【連載講座】日本の2大テーマパークのマーケティング戦略
その1 はじめに:日本の2大テーマパークの実力と“なぜ?”
このコラムを読んでくれている方の多くは、東京ディズニーリゾート(以下TDR)やユニバーサル・スタジオ・ジャパン(以下USJ)を知っているでしょうし、行ったことがあるという人も多いと思います。
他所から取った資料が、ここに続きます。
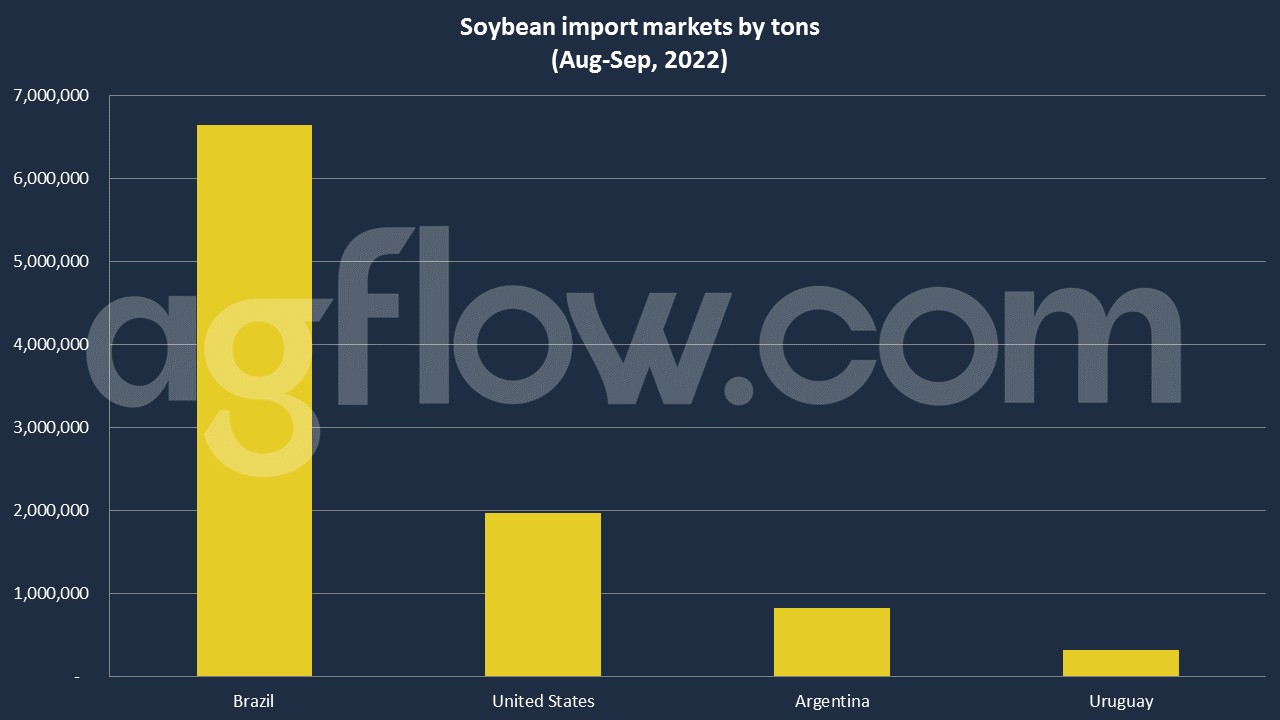 China Starts Importing Soybean Meal From Ethiopia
これら2つのテーマパークは、東の横綱TDR・西の横綱USJであるだけでなく、今や日本を代表するテーマパークとなっています。例えば、入場者数を見れば2015年度のTDRとUSJの合計は、日本における遊園地・テーマパークの年間総入場者数の約45%となります。また、アメリカ・エンターテイメント協会による世界のテーマパークのランキングを見れば、1位はマジックキングダム(フロリダ・ディズニー・ワールド)、2位はディズニーランド(アナハイム)とアメリカのテーマパークになりますが、3位は東京ディズニーランド(以下TDL)、4位がUSJ、5位が東京ディズニーシー(以下TDS)となります。特に、USJは、本家アメリカのユニバーサル・スタジオ・ハリウッド(18位)を大きく引き離すだけでなく、USJより規模の大きいユニバーサル・スタジオ・フロリダ(9位)にも勝っているのです。すごいことですよね。今年はブラジル・リオでオリンピック、パラリンピックが開催されましたが、オリンピック競技に例えれば、TDLは銅メダルですし、USJやTDSも堂々の上位入賞なのですから。
表1 世界のテーマパークランキング抜粋
世界順位 | テーマパーク名 | 国 | 入場者数(単位:万人) |
---|---|---|---|
1 | マジックキングダム(フロリダ) | 米国 | 2,049 |
2 | ディズニーランド(アナハイム) | 米国 | 1,827 |
3 | 東京ディズニーランド | 日本 | 1,660 |
4 | ユニバーサル・スタジオ・ジャパン | 日本 | 1,390 |
5 | 東京ディズニーシー | 日本 | 1,360 |
9 | ディズニーランドパリ | 仏国 | 1,036 |
10 | ユニバーサル・スタジオ・フロリダ | 米国 | 958 |
11 | ディズニー・カリフォルニア・アドベンチャー | 米国 | 938 |
12 | アイランズ・オブ・アドベンチャー | 米国 | 879 |
18 | ユニバーサル・スタジオ・ハリウッド | 米国 | 709 |
19 | 香港ディズニーランド | 香港 | 680 |
出所)アメリカ・エンターテイメント協会
こうしたTDRやUSJの業績は、それぞれの企業が来ていただいたお客様に“喜んでいただこう”“満足してもらいたい”と考えて、実行してきた努力の賜物であると言えます。それでは、TDRやUSJはお客様に喜んで満足してもらうためにどのような企業努力をしてきたのでしょうか?また、それと同時に皆さんによく考えてもらいたいことがあります。それは、TDRもUSJもアメリカから来たものであるということです。ミッキーマウスというキャラクターを考案し、ディズニーランドというテーマパークを最初にロサンゼルス・アナハイムに作り上げたのはウォルト・ディズニーというアメリカ人です。ユニバーサル・スタジオは、ユニバーサル映画というアメリカ・ハリウッドにある映画会社が作り上げたテーマパークです。まさにディズニーランドもユニバーサル・スタジオもアメリカを代表するテーマパークであるとも考えられますが、私たち日本人はアメリカ発のテーマパークを受け入れてきたのでしょうか?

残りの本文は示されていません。